He turned to her. “So am I.” He hesitated, then laid his hand right next to hers, so their fingers just touched. “I have to leave in a few days. Grace… would you write to me?”

The air in the room seemed to rush out, leaving her light-headed and gasping. “Yes,” she managed to murmured, “of course.”

His hand covered hers, only for a moment. “Thank you.”

She wet her lips. His fingers were still touching hers, Oliver’s fingers, so much larger and stronger than her own soft little hand. His one hand could cover both of hers. “Is it very lonely out on the ocean?”

“It is.” His mouth turned up on one side. “We might go months without sight of anything familiar, but when we get supplies and letters from home… It makes any day a good day.”

“I’ll write every week,” she promised.

He laughed. “I won’t get letters that often! But Grace…” He angled himself toward her, a great beaming grin on his face. “If you did, I’d savor every one.”


1816

The war was over, and this year everyone seemed certain it would stay over.

James came home with a scar on his face and a Waterloo medal. Grace had never seen her mother weep so loudly as the day he rode his horse back up the drive to their sprawling house.

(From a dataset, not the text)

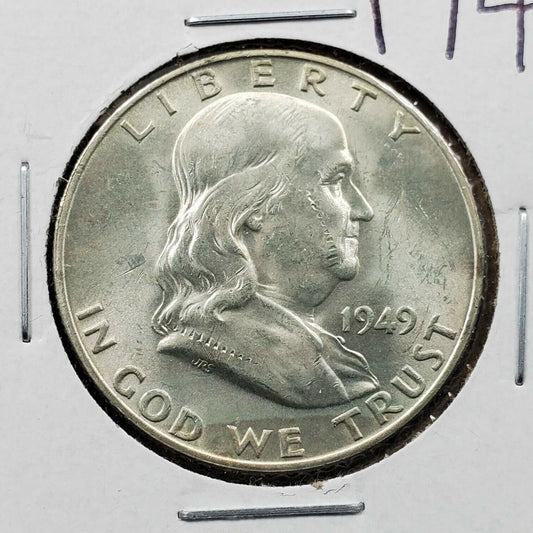 1949 D Franklin Silver Half Dollar Coin Choice BU UNC FBL FULL BELL LINE KEY DTE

Grace’s sisters had both married, and she and Willa were the only ones left at home. Amelia had married Squire Bennet’s son on the other side of Rochester, and they came to Aunt Sarah’s Christmas dinner still. Daphne lived in London, now Lady Cartwright, and she had promised Willa a season in town next year when she was seventeen. Willa, slender and beautiful, was alive with excitement. Grace, shorter and not so slender, was quiet with envy. She had gone to London, not for a whole Season but for a long visit to her Aunt Mary. Even though she loved it there—the museums, the concerts, the glorious theater!—she had not ‘taken’ in the way girls needs to take to be sent for a whole season. Willa, on the other hand, was vivacious and pretty and everyone agreed she could make a splendid match if given the opportunity. Grace would stay home with her books and her animals and her sketch books, while Willa would have a new wardrobe and go to London in the spring.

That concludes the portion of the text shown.